2012年御翼9月号その1

父の臨終、残された借財―藤尾英二郎先生

 伝道師の故・藤尾英二郎先生は、人の借金を保証していた父親を22歳のとき亡くした。先生は長男だったため、返済の責任を引き受けた。人並みに働いていたのでは返済できないので、人の三倍働いたという。父が創めた仕事は印刷だったが、先生がオフセット印刷機をいち早く入れてから、各地の映画館などのポスターの注文がたくさん取れ、13年で完済できた。「このおかげで努力することと、感謝することが身につきましたので、父がのこしてくれた借金を感謝しています」と先生は記している。 生前は仏教徒だった父親は、英二郎先生がクリスチャンになったことを非常に嘆いていた。
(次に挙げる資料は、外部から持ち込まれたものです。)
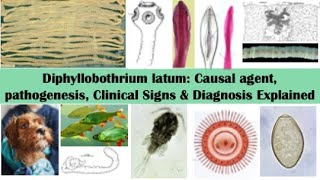 Pathogenic significance clinical signs and diagnosis of Diphyllobothrium latum infestation [upl. by Vito]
その父が残した負の遺産も、先生の信仰的な成長の糧となったと感謝しておられたのだ。そして、その父自身もキリストによって救われたと確信する出来事が起こる。以下は、先生の著書『主キリスト第一』(同信社)からの引用である。

父の臨終

 「ワシの最後の頼みやさかい、これだけは、きいてくれな、きいてくれるやろなあ。たのむぜ、たのむぜ」苦痛のはげしい息も絶えだえの父の臨終まぎわの言葉は続く。「なあヤソ教を信ずることだけはやめてくれな、たのむぜ、たのむぜ、」私はじっと黙っていた。「たのむ、たのむ、他には何もお前には言うことあらへんけどな、キリストを信ずることだけはやめてくれな、先祖様に対して申し訳ないからな、たのむぜ、たのむぜ」父のこの世の最後も間近い部屋の空気が一瞬異様な雰囲気に包まれたのは当然のことであった。
 苦痛の激しい中から、最後の力をふり絞っての、父の私に対するただ一つの懇願が、一層部屋の空気を重々しくしていた。父の脊や腰や足をさすっていた伯母(父の姉)が、目くばせをして私を次の部屋にさし招いたのはそれから間もなくであった。「なあ、お父さんの、この世での最後のおたのみやさかい、快ろようきいてあげてな。私からもたのむさかいな。お父さんを安心さしてやって下さいな。たのみまっせ。なあ、このようにたのみまっせ。」伯母は両手を合して私を拝むようにしての必至の懇願である。
 なおも沈黙を守り続けている私に伯母はいよいよ、たまりかねてこうも言葉をつけ加えた。「なあ、あんたがもしもヤソ教の信仰をやめられへんちゅうのやったら、やめえでもええさかい、嘘でもええさかい、ひとことキリストを信ずることはやめるさかいと言ってお父さんを安心さしてやってくれへんかな、恩に着ますさかいなあ、ぜひ、ひと言、ヤソ教を信ずることはやめるさかいと言うてな、安心さしてやってな、もうこの世での最後の親孝行やと思うてな、頼みまっせ。」
 真剣な伯母の人情に訴えての懇願である。しかし心の中で主キリストに祈ってから私は始めて口を割った。「世の中には嘘を言ってもかまわへん嘘と、嘘を言ってはいかん嘘があるもんや、そやさかいな、ヤソ教を信ずることはやめますという嘘は言うたらいかんウソやさかい、これは言うことできまへん」きっぱり私は言い切ったのである。父はついにこの世を去った。大正十二年一月二十九日の忘れもしない寒い寒い日であった。私がバプテスマをうけたのは大正十年十一月二十七日のことであるから、入信後一年と二カ月余りの後のできごとだったのである。                               
 その父が死んでから三日後の夢のうちに父が相好(そうごう)をくずして私に現われたのである。私の一生の間で、この時ほど父が喜びに溢れた顔を見せくれたことは一度もなかった。全く相好をくずして喜々として私の前に現われたのである。そして間もなく夢は消えたのである。言葉としては、ひと言も喋らなかったが、私には父の言わんとすることはわかりすぎるほどわかったのである。
 つまり父が黄泉へ行って見たところ、息子が信じていたキリストさまが正しい信仰で、父が信じていた宗教がダメだったことが初めて父にわかったのである。キリスト以外には救いのないことが初めて父にわかったのである。そのため神は私を憐みたもうて父を夢のうちに現わしめたもうたのだと思われてならないのである。たぶんそうであろうと思う。不思議なことにあれ以後、今日まで四十有余年にもなるのに、父は今だに一度も現われてこないのであるというのであるから、父の満足も分ろうというものである。
 そして私は本当の親孝行をすることができたのである。キリストを熟愛することが親孝行にも直接結びつくのである。あの時、嘘でもよい、嘘も方便だからと言われて、万一嘘でも言っていようものなら、父の霊は浮ばれなかったであろうし、私の主に対する良心は永遠に消ゆることなくとがめられているであろうし、私のキリストに対する不貞節を父はひどくとがめることであろう。たとえ長い旅路の一日の出来事であるとしても主キリストにある者はこういったことを通してもすべてにおいて守られていることを悟るのである。
 この地上にいる人間はすべて、キリストの救いの賜物を得られるよう、神に招かれている。その招きは消えることがないのだ。